I'm reading "Gone With the Wind", and I never considered it a SHTF book, but it is! After Sherman went through, those poor people in Georgia had no homes, no farms, no food, and no infrastructure. It's the closest thing to a widespread SHTF this country has ever seen. Tragic.

I agree with Grim and would also recommend "Earth Abides". Great book.


----------



## RedLion

Thanks for the suggestions.


----------



## happypuppy

I tried the 299 days series and the main character was far too much of a whimp. (A bit of a spoiler) he leaves his kids during SHTF and bugs out as his wife is in denial ? Off to the used book store it went 

I HIGHLY recommend 2 3 book series by mark Goodwin 

The days of Noah and American exit strategy 

I think the guy is an economist and his vision is near prophetic


----------



## doubledown

I love the Mark Goodwin books!


----------



## TacticalCanuck

1984. While it was intended to be a warning many have chosen to use it as a manual.


----------



## sideKahr

TacticalCanuck said:


> 1984. While it was intended to be a warning many have chosen to use it as a manual.


Very perceptive, Tac Canuck.


----------



## Deebo

Can't dig old threads easily on this phone, but there is a list of books and free pdfs here sponewhere. 
Some great short stories, and FREE .pdfs.


----------



## RedLion

TacticalCanuck said:


> 1984. While it was intended to be a warning many have chosen to use it as a manual.


True. Any schools still require kids to read 1984? I was required to read it.


----------



## TacticalCanuck

RedLion said:


> True. Any schools still require kids to read 1984? I was required to read it.


I wasnt but it could vary from district to district and country to country. Huck Fynn is now banned here. They say it glorifies slavery.


----------



## Salt-N-Pepper

sideKahr said:


> I'm reading "Gone With the Wind", and I never considered it a SHTF book, but it is! After Sherman went through, those poor people in Georgia had no homes, no farms, no food, and no infrastructure. It's the closest thing to a widespread SHTF this country has ever seen. Tragic.
> 
> I agree with Grim and would also recommend "Earth Abides". Great book.

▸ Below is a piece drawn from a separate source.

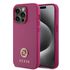 Husa pentru  iPhone 15 Pro Guess- Strass Metal - auriu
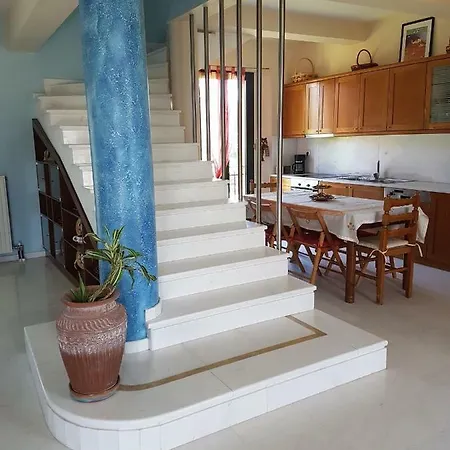 Casa Spannika Pool And Gym Ferienhaus Zakynthos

Sherman is a perfect example of "the winner getting to choose who is a war criminal and who isn't."

There are others in US history, such as Curtis LeMay who famously said " I suppose if I had lost the war, I would have been tried as a war criminal."

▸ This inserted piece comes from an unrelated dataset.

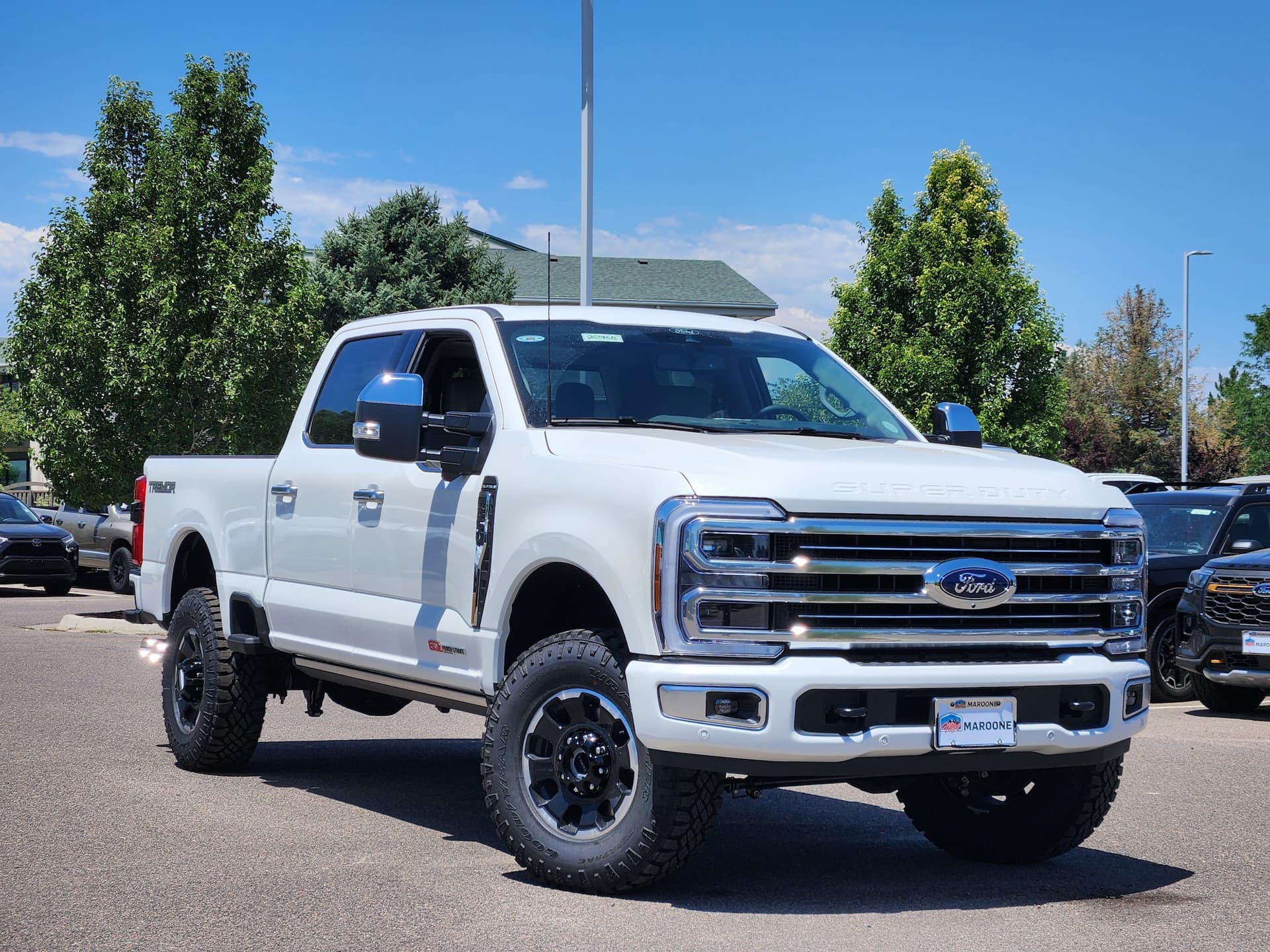 2026 Ford F-350SD Platinum — photo 1 of 34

Yes, general, you would have been.


----------



## Waterguy

Animal Farm. Between this book and 1984, I'm convinced Orwell was a psychic.


----------



## ND_ponyexpress_

I read the Patriots rawles series. have to say I enjoyed the Grid Down series much more.


----------



## Illini Warrior

Salt-N-Pepper said:


> Sherman is a perfect example of "the winner getting to choose who is a war criminal and who isn't."
> 
> There are others in US history, such as Curtis LeMay who famously said " I suppose if I had lost the war, I would have been tried as a war criminal."
> 
> Yes, general, you would have been.


and every US military officer/soldier that did a crossover and fought for the Confederacy - including Lee - should have been executed as traitors .... there's two sides to every coin


----------



## SittingElf

Just finishing reading FORGOTTEN FORBIDDEN AMERICA "Rise of Tyranny". It great SHTF Fiction.

As good as, or maybe even better than The McClane Apocolypse" series.

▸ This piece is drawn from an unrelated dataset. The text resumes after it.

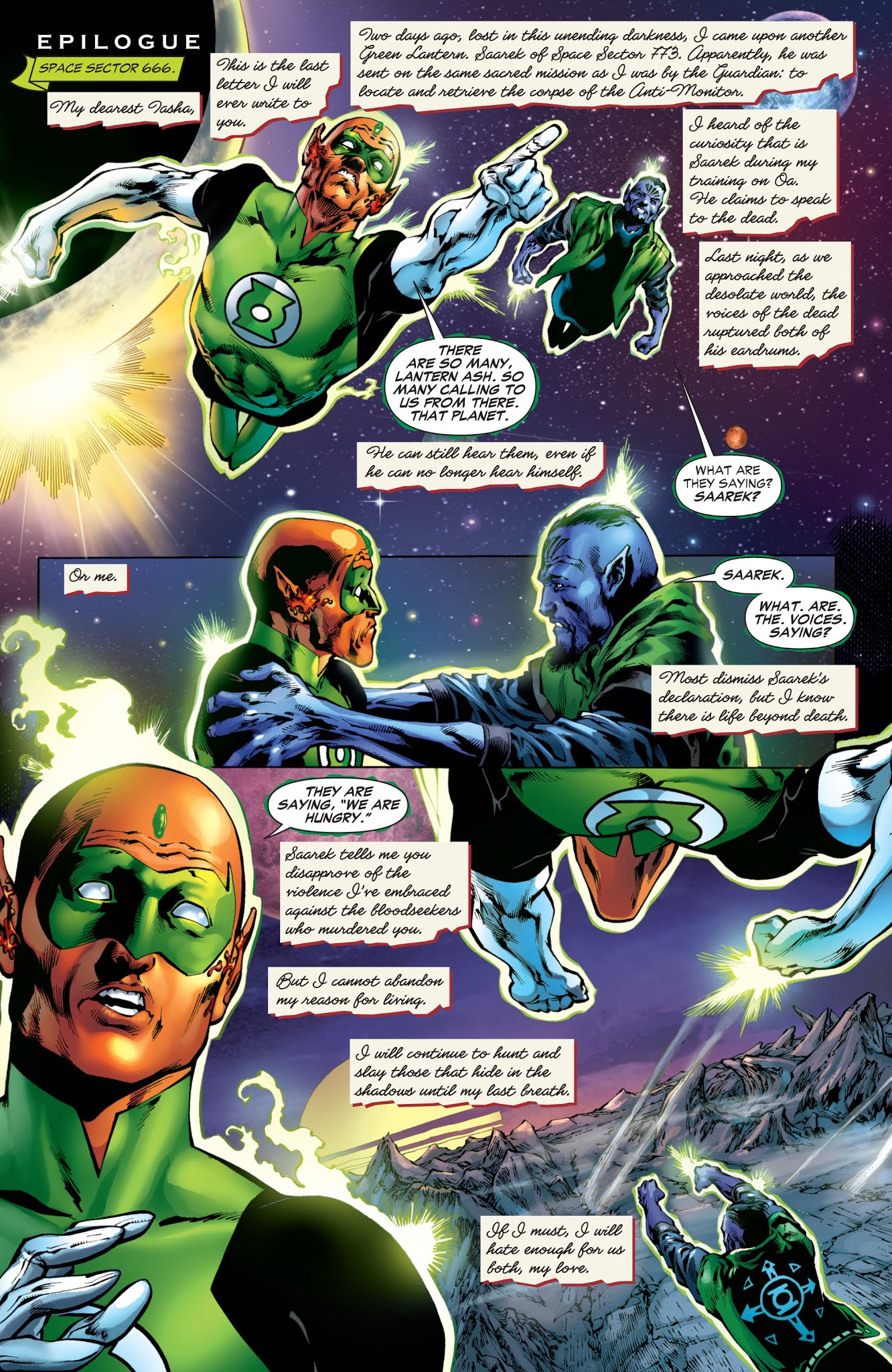 Read online Green Lantern (2005) comic -  Issue # _TPB 7 - 89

SHTF scenario for the book is total economic collapse, with an Obama-like president who has a happy pen. Martial Law, Weapon Sales forbidden, Forced Labor, Bank Accounts taken, Fema Camps, Preppers hunted...etc...
Realistic scenario that will get you thinking....and worrying!

Very well written, and I'm just about done with the first book. The second just released in March..."Patriots Reborn" is now sitting on my Kindle App awaiting reading. Highly recommended! Action, Personalities, great prep ideas, and more.

Amazon multiple formats by Thomas A Watson.


----------



## oldgrouch

I another post I recommended "Unintended Consequences." It is expensive and about 850 pages. Very good book (super book) about gun culture, 2nd amendment, and the governments alphabet agencies. You will learn to really love the ATF. I enjoyed "One Second After" as my wife went to college about 5 miles from Black mountain. We currently live about 50 miles from the area. Goodwin's Noah novels are good reads and take place in the Knoxville/Sevierville area. Lots of Biblical references.


----------